-- DATA SHOWN follows --
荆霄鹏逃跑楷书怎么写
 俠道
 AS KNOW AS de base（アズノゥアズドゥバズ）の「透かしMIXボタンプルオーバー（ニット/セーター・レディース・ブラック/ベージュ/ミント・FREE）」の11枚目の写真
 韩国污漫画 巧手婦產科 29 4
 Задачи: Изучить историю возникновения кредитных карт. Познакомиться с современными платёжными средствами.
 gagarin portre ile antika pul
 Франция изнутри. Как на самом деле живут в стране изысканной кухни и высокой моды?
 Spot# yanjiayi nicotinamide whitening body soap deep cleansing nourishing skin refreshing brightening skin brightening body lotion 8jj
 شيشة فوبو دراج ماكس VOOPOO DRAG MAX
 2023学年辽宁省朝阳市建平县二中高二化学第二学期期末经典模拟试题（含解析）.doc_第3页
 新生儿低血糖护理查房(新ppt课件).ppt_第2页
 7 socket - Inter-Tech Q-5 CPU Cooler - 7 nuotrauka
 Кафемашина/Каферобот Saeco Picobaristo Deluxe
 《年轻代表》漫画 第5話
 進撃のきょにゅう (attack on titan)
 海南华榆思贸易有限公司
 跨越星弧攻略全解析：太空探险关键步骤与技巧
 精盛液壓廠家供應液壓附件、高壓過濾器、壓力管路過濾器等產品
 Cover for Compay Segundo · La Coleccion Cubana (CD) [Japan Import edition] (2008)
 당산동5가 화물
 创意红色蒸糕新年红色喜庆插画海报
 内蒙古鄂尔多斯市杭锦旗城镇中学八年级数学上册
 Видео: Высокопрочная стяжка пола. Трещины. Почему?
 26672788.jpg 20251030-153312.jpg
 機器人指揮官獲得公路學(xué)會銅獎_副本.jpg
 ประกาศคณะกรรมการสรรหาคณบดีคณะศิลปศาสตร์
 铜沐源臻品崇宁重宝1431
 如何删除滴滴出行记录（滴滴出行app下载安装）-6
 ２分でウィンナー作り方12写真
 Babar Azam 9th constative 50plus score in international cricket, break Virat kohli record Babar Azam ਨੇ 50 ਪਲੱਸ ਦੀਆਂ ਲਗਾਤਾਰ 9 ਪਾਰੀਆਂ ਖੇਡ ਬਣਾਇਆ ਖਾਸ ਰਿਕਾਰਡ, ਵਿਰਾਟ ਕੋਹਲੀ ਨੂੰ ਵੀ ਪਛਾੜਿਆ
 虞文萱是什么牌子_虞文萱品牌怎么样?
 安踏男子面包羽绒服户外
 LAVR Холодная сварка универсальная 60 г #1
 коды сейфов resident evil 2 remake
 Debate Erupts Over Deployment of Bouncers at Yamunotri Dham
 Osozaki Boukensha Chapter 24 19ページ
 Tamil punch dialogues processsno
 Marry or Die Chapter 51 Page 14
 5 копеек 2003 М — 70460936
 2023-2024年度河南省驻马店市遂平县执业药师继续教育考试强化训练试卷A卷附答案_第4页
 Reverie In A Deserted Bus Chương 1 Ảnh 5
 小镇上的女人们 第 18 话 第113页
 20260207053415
-- DATA SHOWN concluded --
TO DO:
Filter the data above down to lines with the word "Chapter", and copy them.

ANSWER BOX:
 Osozaki Boukensha Chapter 24 19ページ
 Marry or Die Chapter 51 Page 14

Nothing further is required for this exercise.